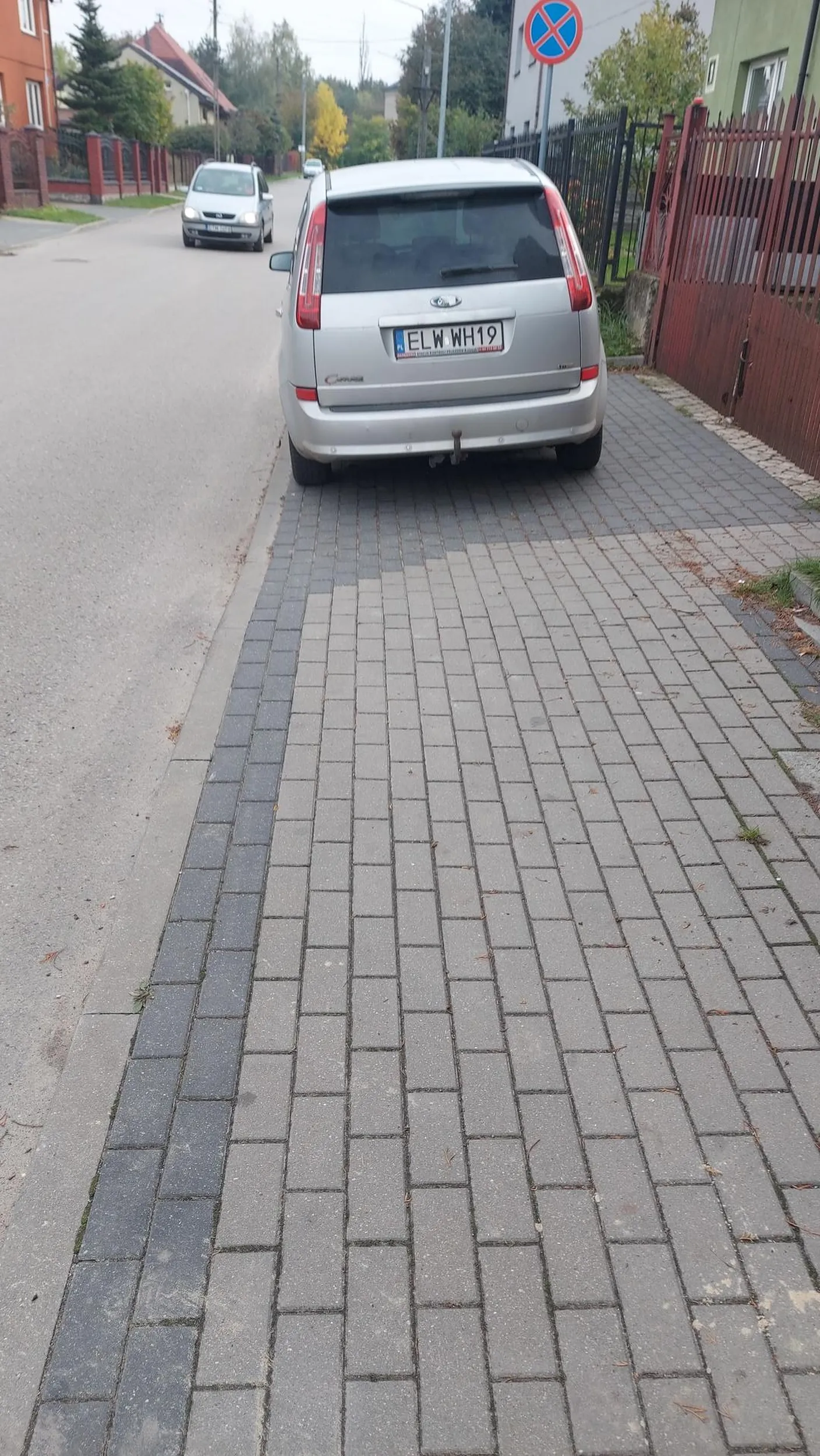 Gratuluję inteligencji za zaparkowanie na całym chodniku.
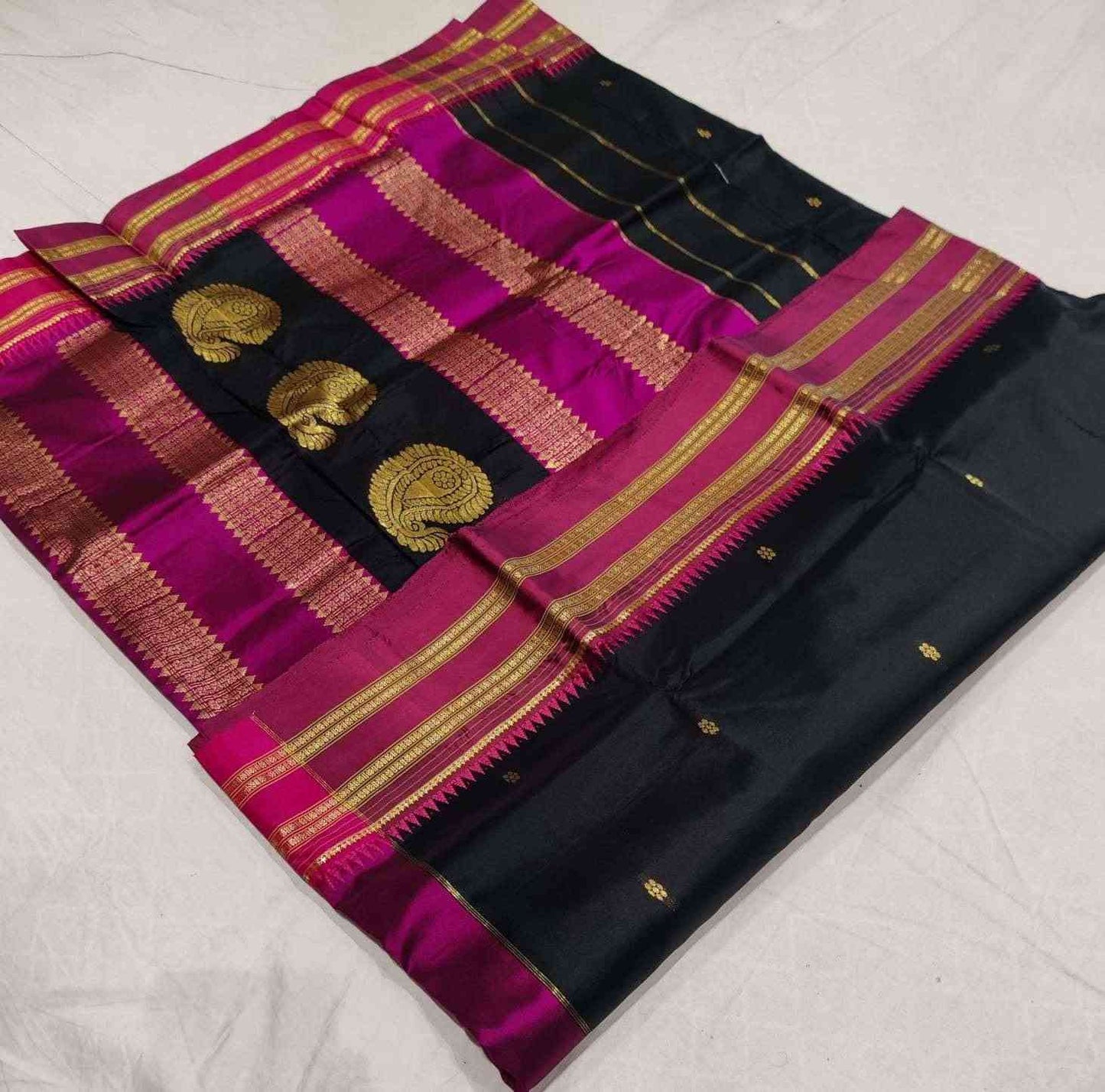 Black with Pink Narayan Peth Paithani Saree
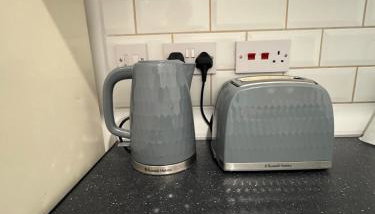 #29 Sweet 1 Bed sleeps 4 with free parking BHX NEC - Foto 4, toaster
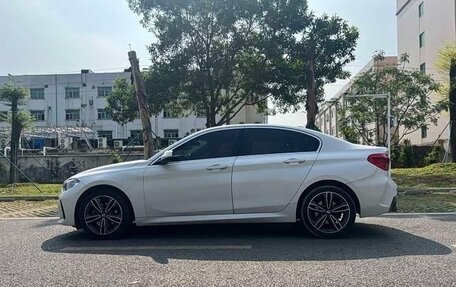 BMW 1 серия, 2023 год, 1 480 000 рублей, 6 фотография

*Prompt:*
Exclude the pictures and print the rest of the data exactly.

*Written answer:*
 Gratuluję inteligencji za zaparkowanie na całym chodniku.
 Black with Pink Narayan Peth Paithani Saree
 #29 Sweet 1 Bed sleeps 4 with free parking BHX NEC - Foto 4, toaster
 BMW 1 серия, 2023 год, 1 480 000 рублей, 6 фотография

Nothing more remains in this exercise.